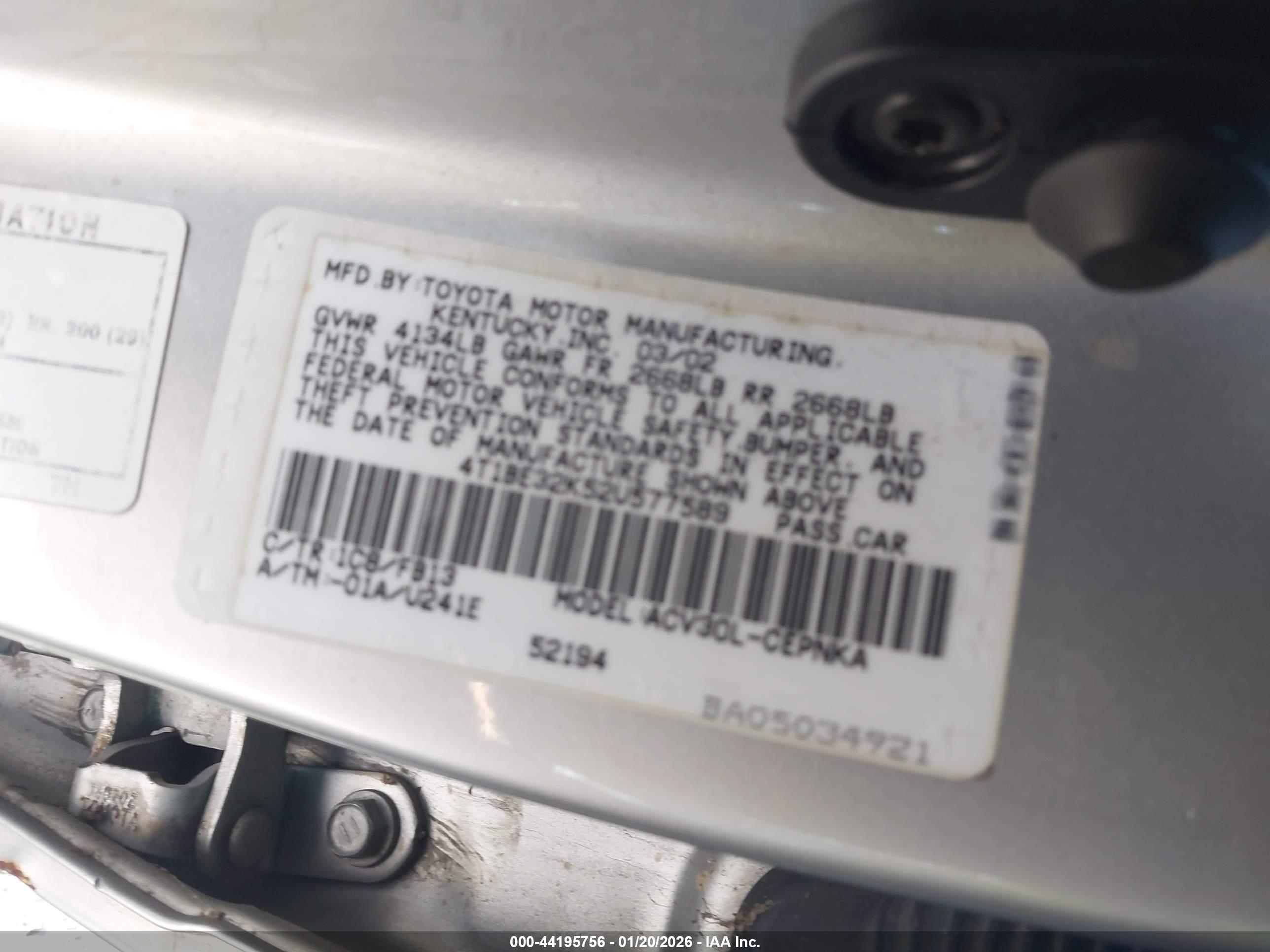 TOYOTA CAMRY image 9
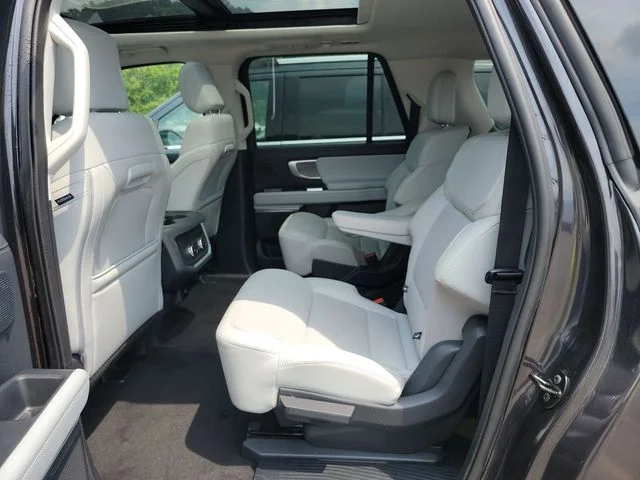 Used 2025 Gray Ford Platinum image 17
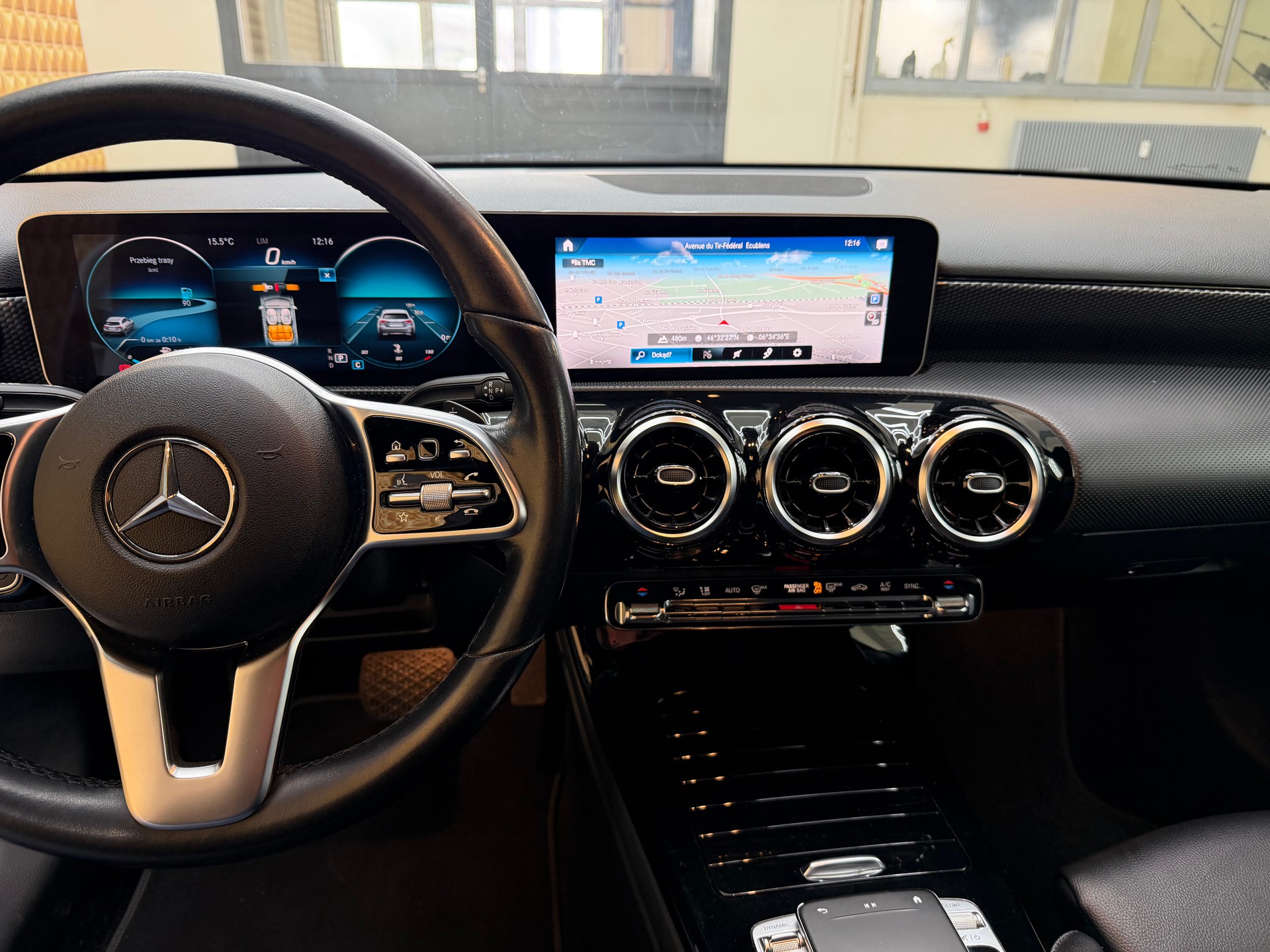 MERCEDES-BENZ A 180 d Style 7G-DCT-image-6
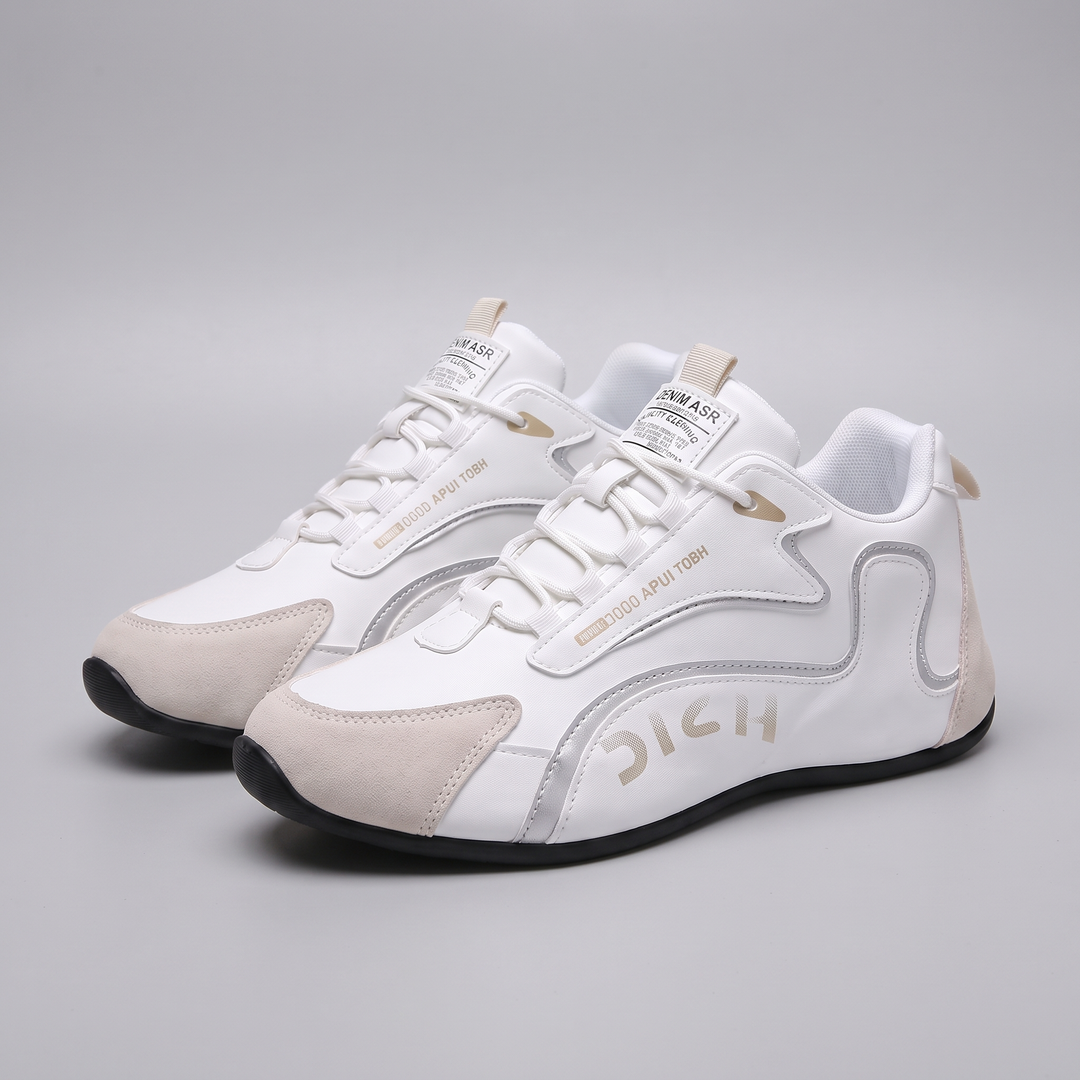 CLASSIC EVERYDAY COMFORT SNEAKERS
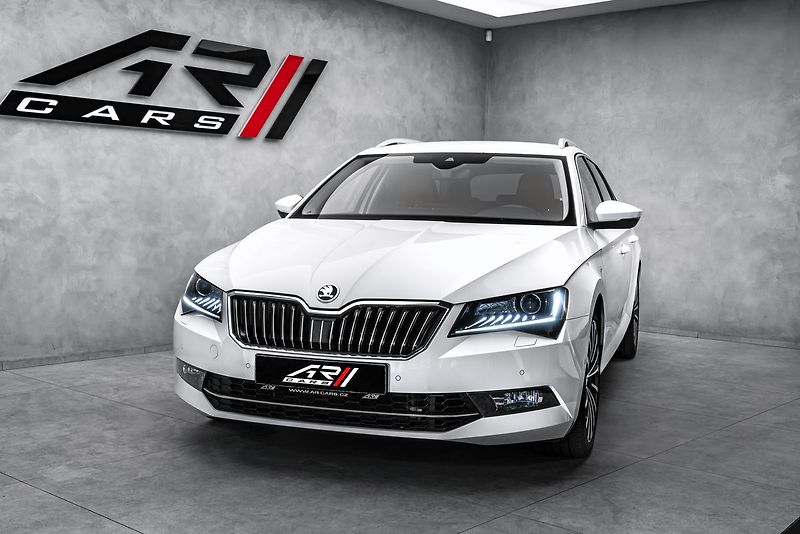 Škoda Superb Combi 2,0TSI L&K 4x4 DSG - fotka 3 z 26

********************

#### TASK BRIEF
Return only the lines that start at the line containing "CLASSIC EVERYDAY COMFORT SNEAKERS" and finish at the last line of the entries, exactly as written and without pictures.

#### EXERCISE OUTPUT
 CLASSIC EVERYDAY COMFORT SNEAKERS
 Škoda Superb Combi 2,0TSI L&K 4x4 DSG - fotka 3 z 26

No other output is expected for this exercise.